Historic Ride for the Gold in Arizona
We wanted a trip that would provide great vistas and a taste of local history. This ride on scenic Highway 83 and overnight spent at Kentucky Camp delivered on both of those goals.
We started the ride in Tucson at one of our favorite breakfast stops, Joe’s Pancake House. After stoking up on carbs and doing a final equipment check, we headed southeast and rode on the new 3-mile Julian Wash multi-use path. We rode beside solar power facilities and enjoyed the interpretive stops focusing on rainwater harvesting, burrowing owls, and historic railway operations. This path is just one section of a loop that will ultimately encircle Tucson.
The next portion of our route took us through the town of Vail and to an easy crossing of I-10 to scenic Highway 83. This main portion of our ride climbed about 2,000 feet over a 20-mile stretch of highway. The wide valley is flanked by the Whetstone Mountains on the left and the Santa Rita Mountains on the right; the cactus-studded desert lowlands give way to rolling grasslands at the base of the Santa Ritas.
Highway 83 is a designated Arizona Scenic Road with no billboards to block the natural beauty of the high desert.
The final portion of the ride was a 5-mile stretch on unpaved Forest Service roads.
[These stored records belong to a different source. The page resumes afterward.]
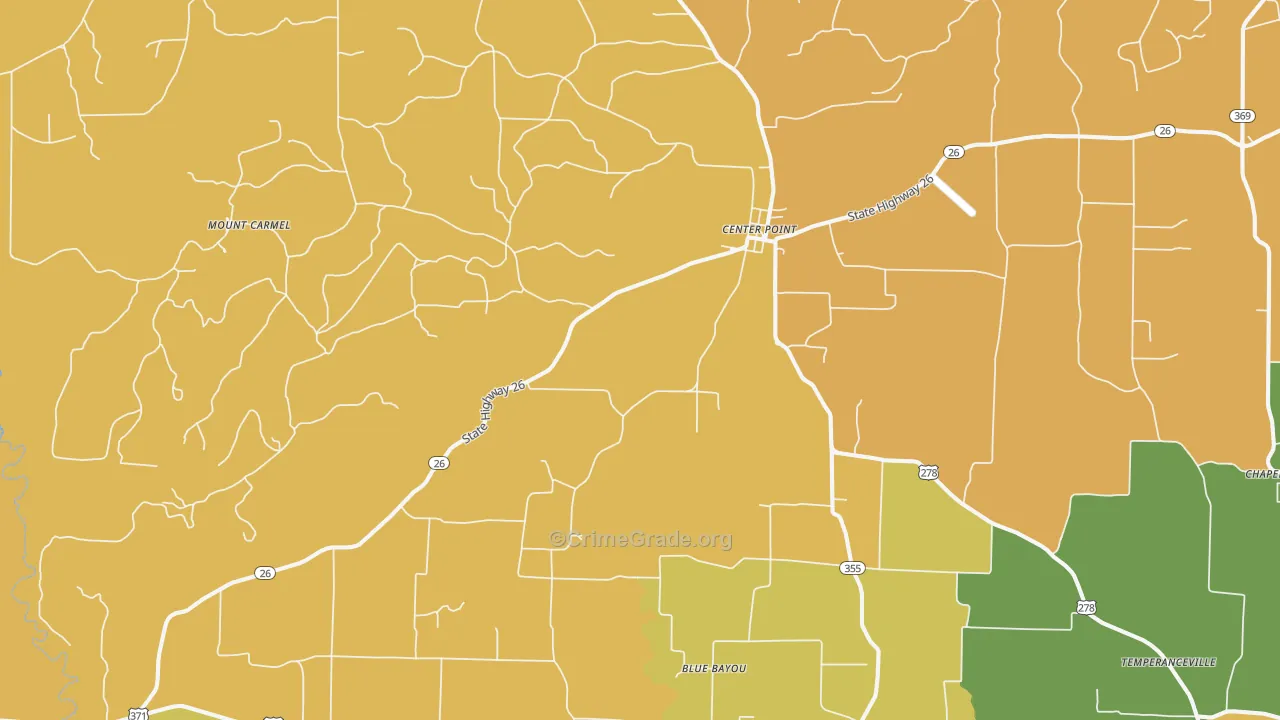 Center Point, AR Map of Assault Rates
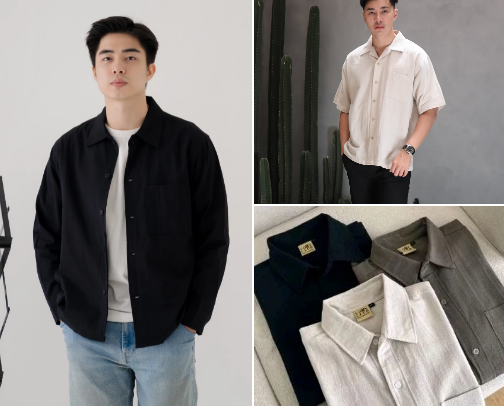 kemeja Linen man (Oversized Linen Shirt) cover photo collage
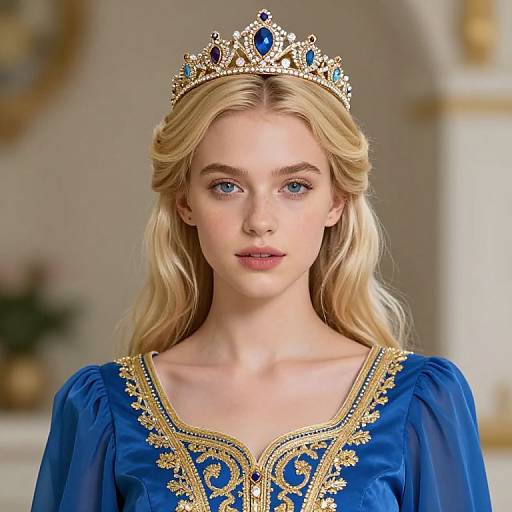Blonde Girl in Blue Dress with Crown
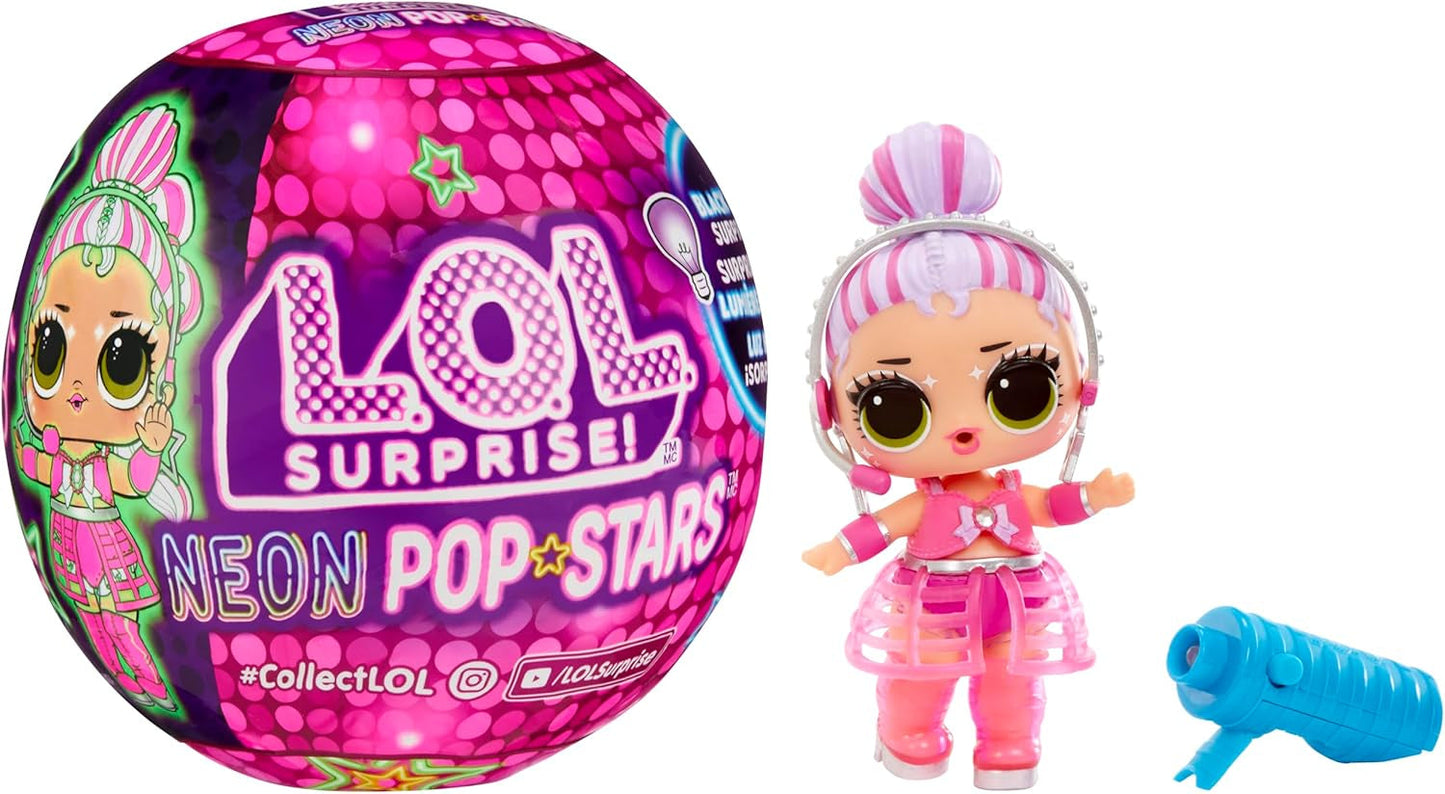 L.O.L. Overraskelse! Neon Pop Stars Tots - 1 sort lys magisk overraskelsesdukke, blind indpakning, 7 samledukker, hver med neonmærkater og tilbehør, gave til børn 4+ Naty Shop Dolls Standardtitel
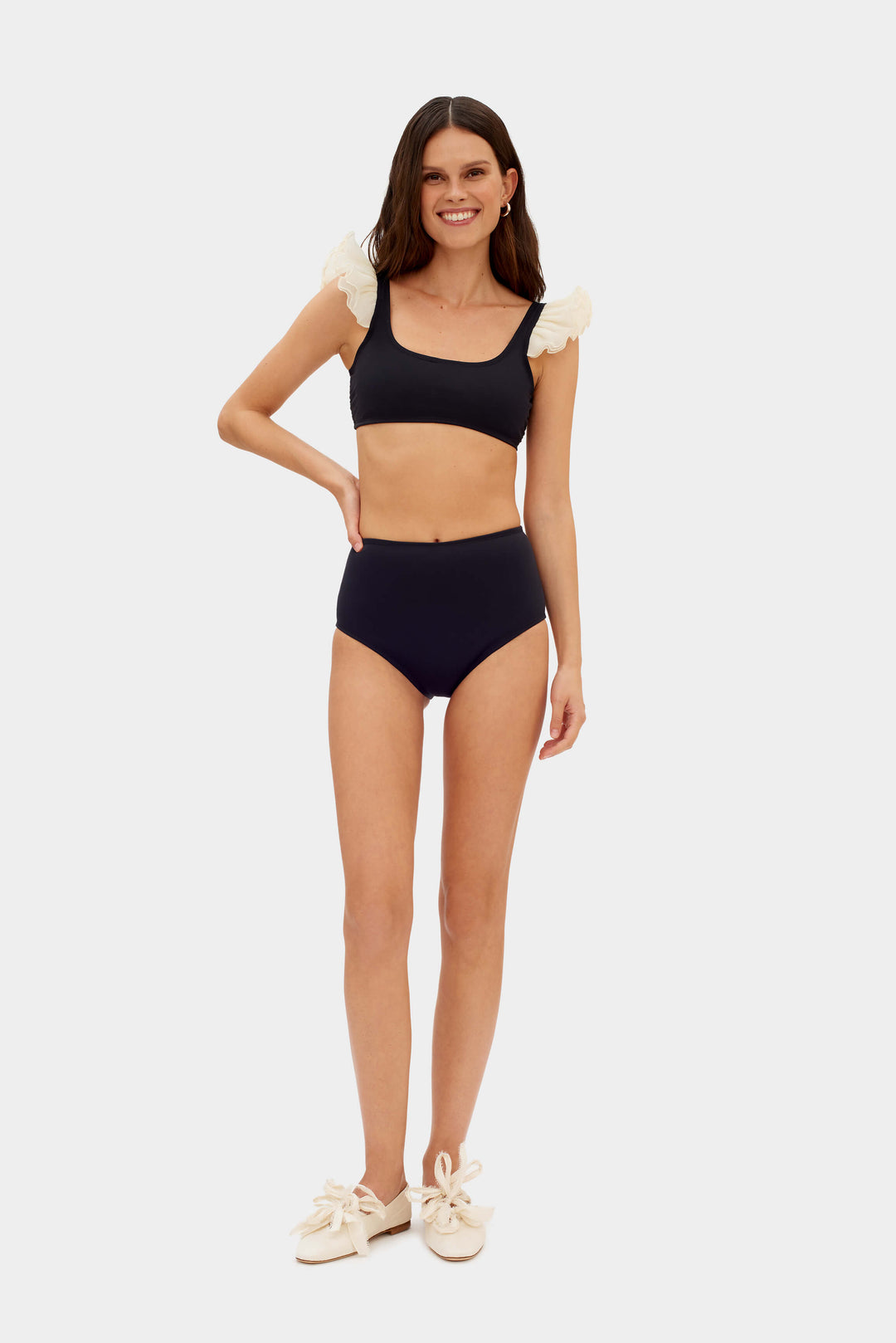 Ariel Bikini Briefs with Ruffles in Black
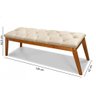 Recamier Sofá Pé Da Cama Madeira Maciça 135 Cm Bege - 2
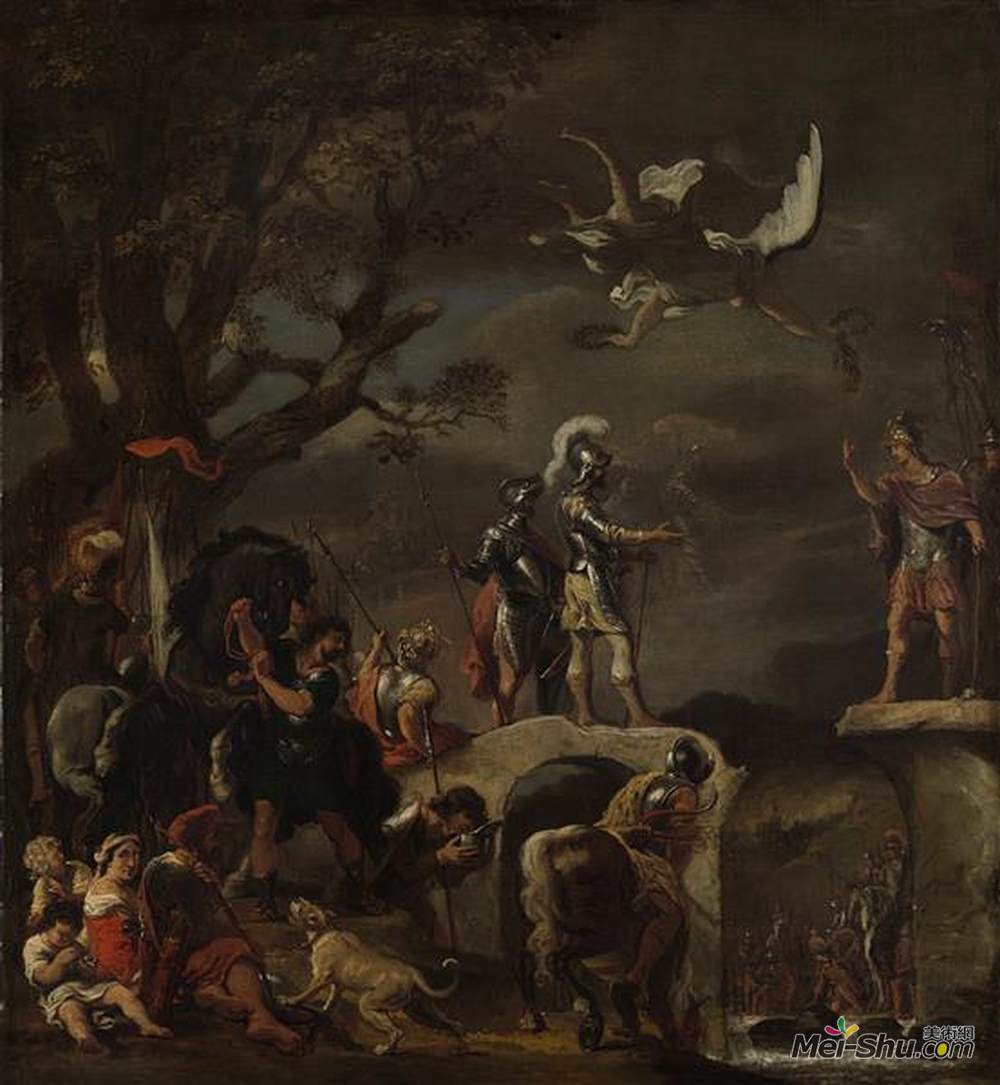 费迪南德·波尔(Ferdinand Bol)高清作品《De Vredesonderhandelingen Tussen Claudius Civilis En Quintus》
The way to Kentucky Camp is well-marked and the roads are generally well-graded. There are a few washboarded sections, so you probably wouldn't want to bring your skinny-tire racing bike. Our group of six cyclists had no trouble making the trip on a collection of Salsas, Surleys, and other sturdy touring bikes (including a recumbent Bacchetta). There was one steep 50-yard section of dirt road that some of our group elected to walk.
Kentucky Camp is tucked away in a small gulch with oak and mesquite trees dotting the hillsides. As we made the final descent into the camp, the five adobe buildings seemingly appeared out of nowhere. There's a feeling of going back 100 years in time. The site was built in 1904 by the Santa Rita Water and Mining Company. As this name suggests, it was a hydraulic gold mining operation … an odd endeavor for this high-desert location. The five buildings in Kentucky Gulch were the headquarters for the operation. An 8-mile water line consisting of a gravity-fed ditch and pipe provided water to the adjacent Boston Gulch for the short-lived hydraulic gold mining operation. Later, the site served as a cattle ranch.
With volunteer help, the Forest Service has rehabilitated the large ten-room headquarters building, a gold-processing building, and a three-room cabin. Another cabin is currently unused and a barn lies in ruins. Various pieces of mining and ranching equipment adorn the site. The Forest Service arranges for an onsite volunteer caretaker (be sure to stop by the caretaker's trailer and say “Hi"). Potable well water is available at several points throughout the site. There are also two very clean vault toilets with attached shower stalls -- who doesn't appreciate a warm solar shower after a day of cycling?!
We set up camp (permitted just outside the fenced historic area) and then strolled through the renovated adobe buildings. Volunteers have done an amazing job of restoring the buildings, and have provided some interpretive displays that give a sense of how difficult mining life must have been at the turn of the twentieth century.
We had plenty of time to cook a big dinner and enjoy sitting on the expansive porch wrapping around the headquarters building. As the sun set, we were impressed by the total silence and dazzling stars, undiluted by city lights.
The next morning, we had a leisurely breakfast with the knowledge that our 45-mile ride would be mostly downhill. We agreed that our next trip to Kentucky Camp would be for two nights, so we can spend more time taking in the quiet scenery and making the short hike to Boston Gulch to see the remains of the hydraulic water pipes and mining pits.
Tip for this adventure: For slightly more refined overnight accommodations, the rehabilitated three-room cabin is available for rent through the Forest Service's Rooms with a View program. We did this trip in mid-April, an ideal time for clear, mild weather in southeastern Arizona. The fall is also a nice time to visit. I’d avoid June through August; even at the 5,000-foot elevation, this can be a very hot ride in the summer months.
Favorite local bike shop: Ajo Bikes in Tucson.